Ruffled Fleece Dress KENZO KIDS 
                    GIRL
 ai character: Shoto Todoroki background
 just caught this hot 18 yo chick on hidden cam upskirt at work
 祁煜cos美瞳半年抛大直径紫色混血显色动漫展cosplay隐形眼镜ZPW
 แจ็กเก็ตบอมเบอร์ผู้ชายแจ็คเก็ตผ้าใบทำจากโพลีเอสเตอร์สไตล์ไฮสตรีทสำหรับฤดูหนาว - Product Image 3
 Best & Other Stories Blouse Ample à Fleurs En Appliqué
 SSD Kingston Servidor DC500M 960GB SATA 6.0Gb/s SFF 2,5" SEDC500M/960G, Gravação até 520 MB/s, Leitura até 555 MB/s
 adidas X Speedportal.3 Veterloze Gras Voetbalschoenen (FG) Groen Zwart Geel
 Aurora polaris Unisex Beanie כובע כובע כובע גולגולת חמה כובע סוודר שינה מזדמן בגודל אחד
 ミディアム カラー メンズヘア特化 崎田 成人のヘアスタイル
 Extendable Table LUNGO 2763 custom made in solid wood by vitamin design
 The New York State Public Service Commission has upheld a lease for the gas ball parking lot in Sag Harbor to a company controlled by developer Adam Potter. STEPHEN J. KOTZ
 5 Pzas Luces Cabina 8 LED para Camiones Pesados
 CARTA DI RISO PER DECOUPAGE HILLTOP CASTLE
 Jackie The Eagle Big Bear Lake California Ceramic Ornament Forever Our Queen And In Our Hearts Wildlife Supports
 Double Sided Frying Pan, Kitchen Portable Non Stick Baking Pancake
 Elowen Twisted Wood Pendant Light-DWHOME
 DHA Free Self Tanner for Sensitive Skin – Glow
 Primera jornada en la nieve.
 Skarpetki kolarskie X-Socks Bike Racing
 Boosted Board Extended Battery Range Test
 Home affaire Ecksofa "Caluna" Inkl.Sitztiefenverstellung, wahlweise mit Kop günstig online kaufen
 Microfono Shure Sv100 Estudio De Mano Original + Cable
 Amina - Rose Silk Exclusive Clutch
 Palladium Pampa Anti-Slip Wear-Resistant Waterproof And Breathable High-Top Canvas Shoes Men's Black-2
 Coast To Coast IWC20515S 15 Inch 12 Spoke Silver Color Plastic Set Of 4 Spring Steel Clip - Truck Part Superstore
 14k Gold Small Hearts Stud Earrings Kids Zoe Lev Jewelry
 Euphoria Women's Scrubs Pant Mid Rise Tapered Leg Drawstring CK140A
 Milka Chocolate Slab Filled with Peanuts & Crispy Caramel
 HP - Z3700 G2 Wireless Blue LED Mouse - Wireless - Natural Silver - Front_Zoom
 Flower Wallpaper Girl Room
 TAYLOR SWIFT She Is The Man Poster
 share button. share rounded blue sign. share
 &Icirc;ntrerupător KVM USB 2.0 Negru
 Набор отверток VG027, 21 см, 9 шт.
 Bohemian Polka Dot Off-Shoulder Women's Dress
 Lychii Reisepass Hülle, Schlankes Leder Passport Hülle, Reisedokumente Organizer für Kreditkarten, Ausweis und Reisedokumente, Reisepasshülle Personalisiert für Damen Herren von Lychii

========================

• _Task brief_
Copy out precisely the lines from the line with "just caught this" to the line with "Best & Other" in the material above, including those two lines and omitting all the rest.

• _Response_
 just caught this hot 18 yo chick on hidden cam upskirt at work
 祁煜cos美瞳半年抛大直径紫色混血显色动漫展cosplay隐形眼镜ZPW
 แจ็กเก็ตบอมเบอร์ผู้ชายแจ็คเก็ตผ้าใบทำจากโพลีเอสเตอร์สไตล์ไฮสตรีทสำหรับฤดูหนาว - Product Image 3
 Best & Other Stories Blouse Ample à Fleurs En Appliqué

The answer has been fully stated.